By Ray Pride Pride@moviecitynews.com
Sienna Miller: At least we got a fuckin' bunny out of it
Sienna Miller again proves herself a worthy throwback to the era of the say-anything actor or actress who always speaks their racing mind to Simon Hattenstone in the Guardian. “Mating with your rabbit!” I shout. “No! My rabbit with another rabbit. I had this gorgeous rabbit called Daisy and I picked out the one I wanted, got them out of their hutches—it was obviously very illegal to put them together—got them in a travel basket, ran behind the shed, let them do it, got caught… But it was this school in the country, and we had all been packed off at eight years old. At least we got a fuckin’ bunny out of it.” She though math was pointless. “I’d say, ‘When would I use long division?’ and the teacher would say, ‘When you’re in a supermarket and you want to calculate the price of your food before you get to the till,’ and I’d think, ‘Well, I’d take a fucking calculator, you nob.'” She is surprisingly laddish, with a wonderful knack of putting her foot in it. Take Pittsburgh. When she returned to the city where she had researched Factory Girl, she told Rolling Stone [that] she’d renamed it Shitsburgh. It just slipped out… “Having met me, you’ll realise these things just come out.
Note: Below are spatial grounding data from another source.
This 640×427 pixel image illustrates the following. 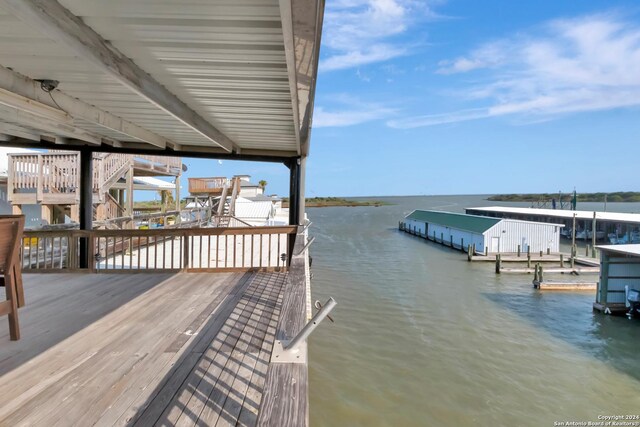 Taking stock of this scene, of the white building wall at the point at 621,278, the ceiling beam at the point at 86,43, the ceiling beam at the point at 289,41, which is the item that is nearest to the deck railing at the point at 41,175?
the ceiling beam at the point at 86,43

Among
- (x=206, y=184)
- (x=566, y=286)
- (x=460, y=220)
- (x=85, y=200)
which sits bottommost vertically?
(x=566, y=286)

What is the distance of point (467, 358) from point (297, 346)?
31.6 ft

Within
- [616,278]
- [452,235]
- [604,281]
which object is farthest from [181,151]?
[452,235]

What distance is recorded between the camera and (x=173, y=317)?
12.7 ft

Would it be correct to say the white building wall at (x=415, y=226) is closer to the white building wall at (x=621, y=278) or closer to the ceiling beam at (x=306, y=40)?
the white building wall at (x=621, y=278)

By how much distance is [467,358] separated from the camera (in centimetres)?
969

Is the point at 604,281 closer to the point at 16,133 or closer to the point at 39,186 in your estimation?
the point at 16,133

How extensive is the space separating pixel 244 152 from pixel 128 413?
5.07 metres

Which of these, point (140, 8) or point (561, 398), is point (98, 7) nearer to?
point (140, 8)

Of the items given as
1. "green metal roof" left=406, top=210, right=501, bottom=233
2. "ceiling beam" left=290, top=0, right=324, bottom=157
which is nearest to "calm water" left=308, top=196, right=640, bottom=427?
"ceiling beam" left=290, top=0, right=324, bottom=157

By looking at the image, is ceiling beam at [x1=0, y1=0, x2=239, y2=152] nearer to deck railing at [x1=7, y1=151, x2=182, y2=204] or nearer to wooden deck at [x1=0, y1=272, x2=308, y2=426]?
wooden deck at [x1=0, y1=272, x2=308, y2=426]

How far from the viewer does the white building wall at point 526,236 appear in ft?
84.4

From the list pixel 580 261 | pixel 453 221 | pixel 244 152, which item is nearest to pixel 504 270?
pixel 580 261

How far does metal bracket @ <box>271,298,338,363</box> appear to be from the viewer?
1.52 meters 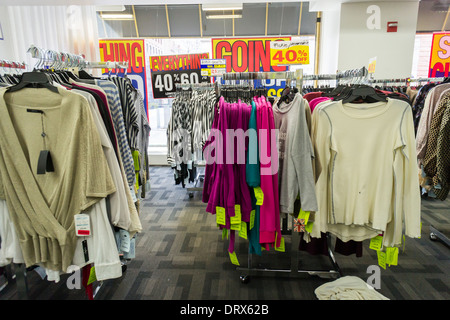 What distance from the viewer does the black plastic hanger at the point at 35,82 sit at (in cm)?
121

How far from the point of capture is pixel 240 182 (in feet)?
5.62

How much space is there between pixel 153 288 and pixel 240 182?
1.17 metres

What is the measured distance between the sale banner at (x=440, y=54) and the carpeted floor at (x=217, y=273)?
9.35ft

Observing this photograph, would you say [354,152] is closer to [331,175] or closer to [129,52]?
[331,175]

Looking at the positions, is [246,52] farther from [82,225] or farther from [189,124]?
[82,225]

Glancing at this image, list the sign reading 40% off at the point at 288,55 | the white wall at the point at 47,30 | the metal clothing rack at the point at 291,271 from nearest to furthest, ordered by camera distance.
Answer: the metal clothing rack at the point at 291,271
the white wall at the point at 47,30
the sign reading 40% off at the point at 288,55

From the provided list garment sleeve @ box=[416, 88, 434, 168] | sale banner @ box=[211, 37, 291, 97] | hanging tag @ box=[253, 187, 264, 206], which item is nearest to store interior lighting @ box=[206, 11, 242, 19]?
Answer: sale banner @ box=[211, 37, 291, 97]

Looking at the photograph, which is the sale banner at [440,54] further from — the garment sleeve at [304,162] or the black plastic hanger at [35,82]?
the black plastic hanger at [35,82]

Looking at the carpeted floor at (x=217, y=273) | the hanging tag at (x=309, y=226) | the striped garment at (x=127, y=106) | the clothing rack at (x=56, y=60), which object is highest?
the clothing rack at (x=56, y=60)

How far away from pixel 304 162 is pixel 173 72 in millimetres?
4000

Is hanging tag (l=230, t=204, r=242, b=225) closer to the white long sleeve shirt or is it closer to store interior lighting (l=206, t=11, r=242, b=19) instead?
the white long sleeve shirt

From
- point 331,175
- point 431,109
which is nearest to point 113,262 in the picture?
→ point 331,175

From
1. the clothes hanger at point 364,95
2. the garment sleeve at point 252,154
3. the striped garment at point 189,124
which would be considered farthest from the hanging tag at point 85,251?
the striped garment at point 189,124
I think it might be mild Tourette’s, not to insult people who have proper Tourette’s, but I will say the most inappropriate things at the most inappropriate time to the most inappropriate person. Always. Guaranteed.” Even now, mid-apology, she can’t help digging herself in deeper. She tells me how she and her friends then spent ages renaming other American places. “Massivetwoshits is Massachusetts. Connecticunt, or Connectibutt. We came up with loads…” Of the yellow press favoring her slips and alleging her affairs, she tells Hattenstone, “Yeah! Year of the Slut! Spread ’em! That’s my motto for 2007.” She stops again, stresses she’s joking. “Oh, please don’t write that.”